Starting at the line that contains "Panneau de signalisation routière." and stopping at the line that contains "Temporal no litoral", restate each line of the records below exactly. Omit the pictures.
-------- The records --------
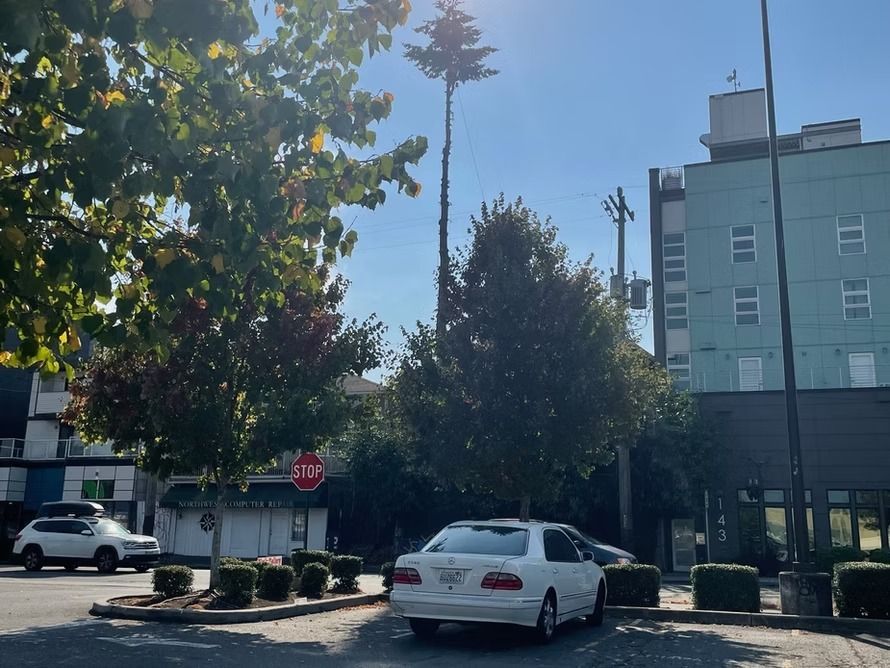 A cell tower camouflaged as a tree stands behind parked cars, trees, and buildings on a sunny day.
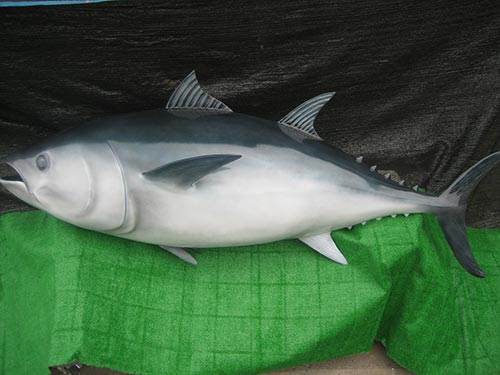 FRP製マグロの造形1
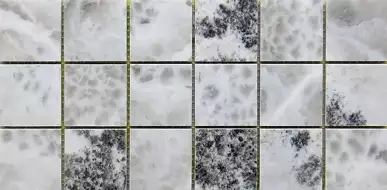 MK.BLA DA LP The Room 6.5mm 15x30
--------
-------- The records --------
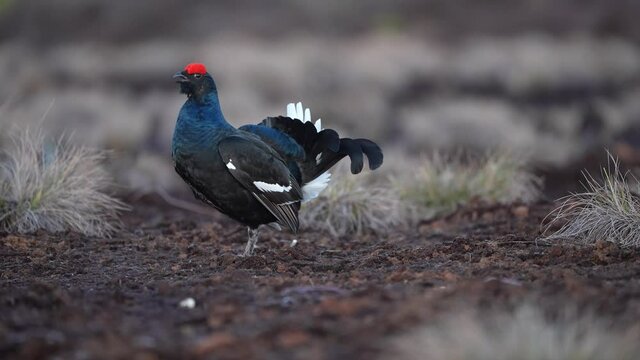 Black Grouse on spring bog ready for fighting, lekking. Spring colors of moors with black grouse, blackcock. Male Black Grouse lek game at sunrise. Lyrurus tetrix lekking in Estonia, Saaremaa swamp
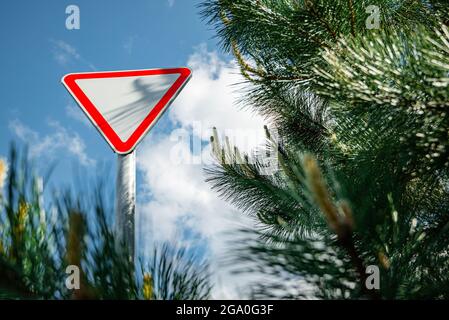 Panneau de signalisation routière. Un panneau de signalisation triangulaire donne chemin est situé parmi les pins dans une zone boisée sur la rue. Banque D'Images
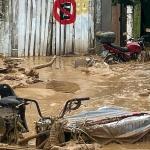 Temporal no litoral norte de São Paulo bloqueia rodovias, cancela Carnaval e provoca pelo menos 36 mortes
--------
-------- The records --------
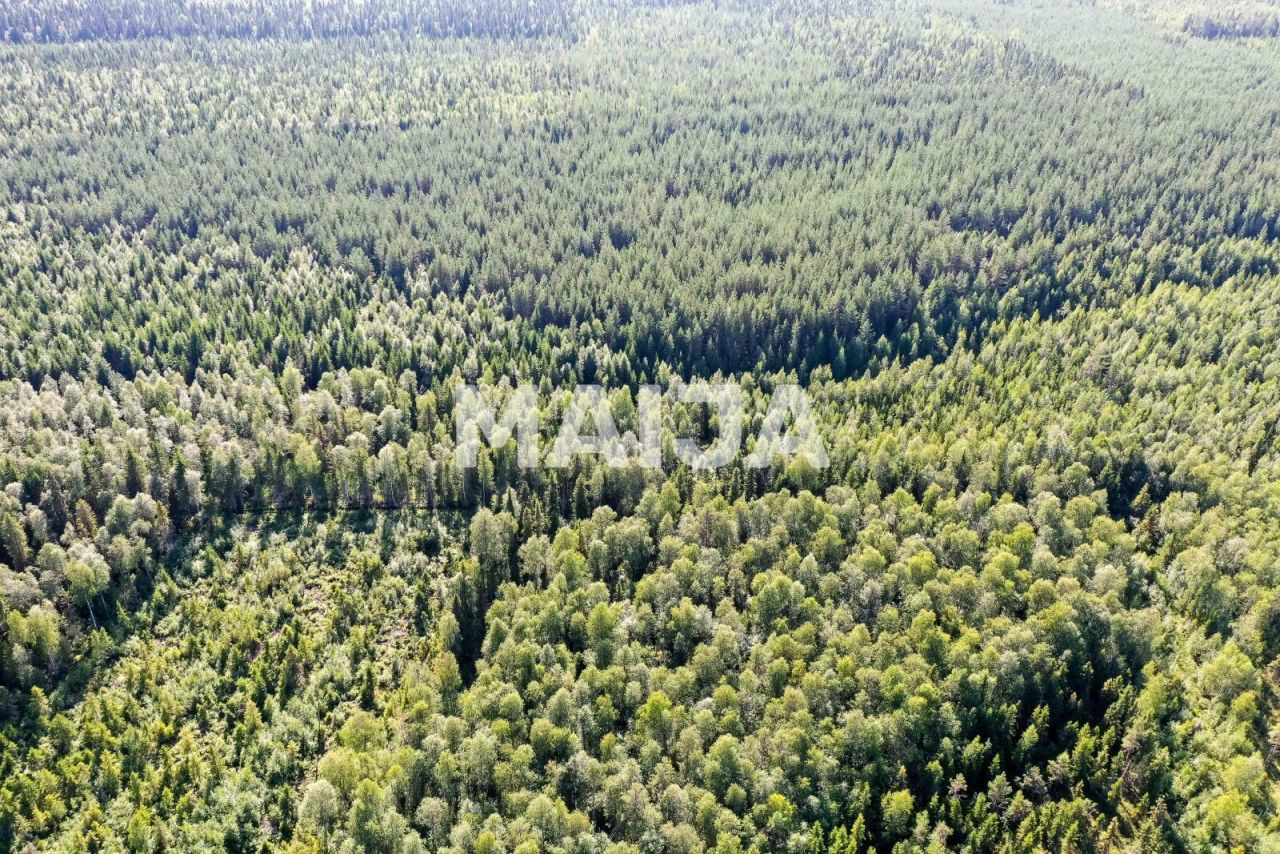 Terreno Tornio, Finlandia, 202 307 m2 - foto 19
--------
- Solution to the exercise:
 Panneau de signalisation routière. Un panneau de signalisation triangulaire donne chemin est situé parmi les pins dans une zone boisée sur la rue. Banque D'Images
 Temporal no litoral norte de São Paulo bloqueia rodovias, cancela Carnaval e provoca pelo menos 36 mortes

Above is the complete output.